There was no way that the final Harry Potter instalment was going to spell the end of JK Rowling's magically lucrative wizarding world.
So the Hogwarts textbook Fantastic Beasts and Where To Find Them now becomes the basis for a fresh adventure taking place 70 years before Harry Potter and co first took up their wands.
With her first screenplay (based on her source text), Rowling takes us to 1920s New York where we meet the freshly-disembarked Newton Scamander (Redmayne), a scatterbrained wizard.
He's just arrived lugging a Tardis-like suitcase containing a collection of banned magical beasts, including the Niffler, a sort of bling-obsessed cross between a platypus and a magpie.

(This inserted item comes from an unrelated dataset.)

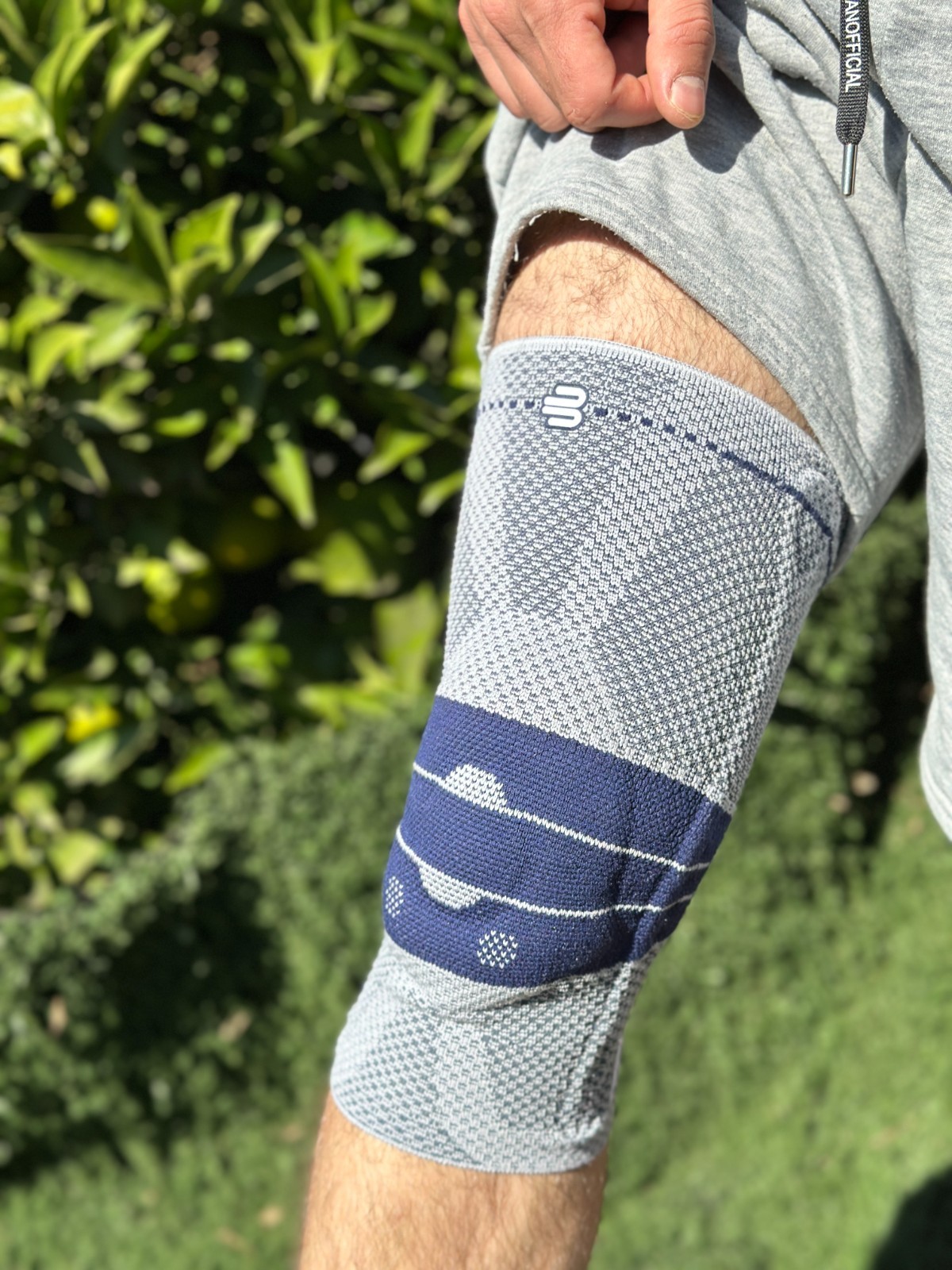 Bauerfeind GenuTrain Size 3 Comfort Knee Joint Brace Patella Support Sleeve ACL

Unfortunately, a faulty catch means they're soon scudding around the city, bringing Newt to the attention of Tina (Waterston), a former field agent of America's fiercely secretive MACUSA, the yank equivalent of Blighty's Ministry of Magic.

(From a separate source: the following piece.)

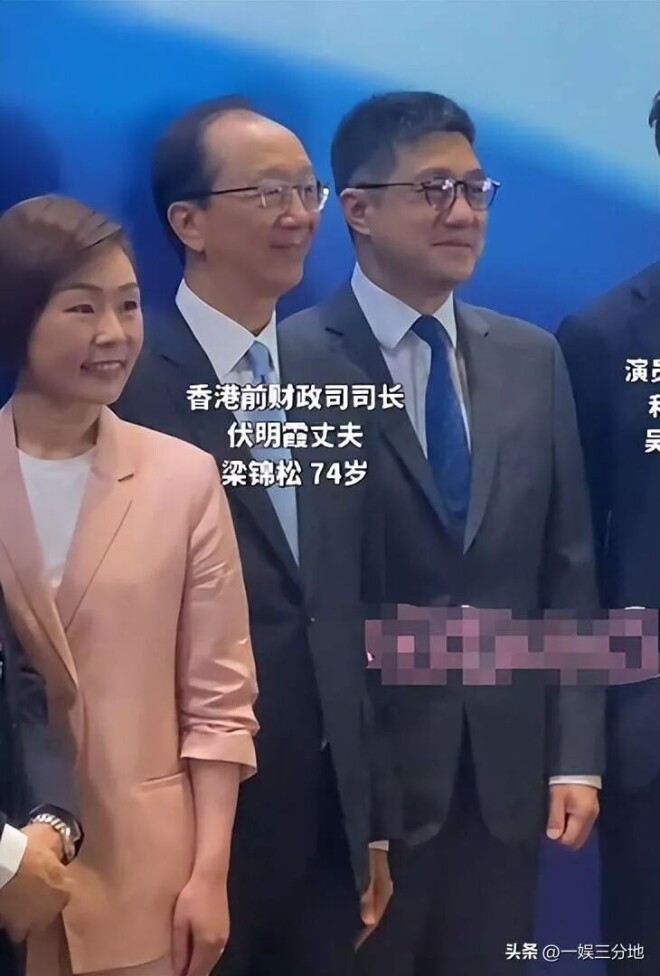 伏明霞74岁丈夫露面 佝偻头秃动作痴（配图4）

Things get further confused when wannabe baker Jacob Kowalski (Fogler) - a No-Maj (American for Muggle) - mistakenly picks up Newt's case and finds himself joining the flustered Brit, Tina and her sister Queenie (Alison Sudol), a mind-reading Flapper girl,
Visually exhilarating, this is darker in tone to the Potter franchise with Samantha Morton on splendidly grim form Mary Lou Barebone, a zealously vicious anti-magic firebrand - and leader of the Second Salemites - who abuses the kids from the families she exposes.
There's also Colin Farrell's megalomaniac MACUSA lieutenant Percival Graves, Tina's former boss and a sharp-dressed authoritarian with a sinister interest in one of Barebone's oppressed boys.
Veteran Potter director David Yates kicks off the first in a planned five-instalment adventure in fine style with this first outing neatly panning out as a story in its own right that intriguingly lays the groundwork for what's to come.
Potter fans will no doubt be entranced by the exotic beasts swirling around the screen, each one a digital marvel in its own right, while older viewers can't fail to see the political allegory unfolding in an America where the future is as terrifying as it is now.
However, it's the emotionally rich relationships, between Queenie and Jacob, and - more tentatively, between Newt and Tina - that propel this forward as New York dissolves into a flurry of collapsing masonry under the mysterious threat of banshee-style force of evil.
Rowling has conjured up another classic-in-the-making.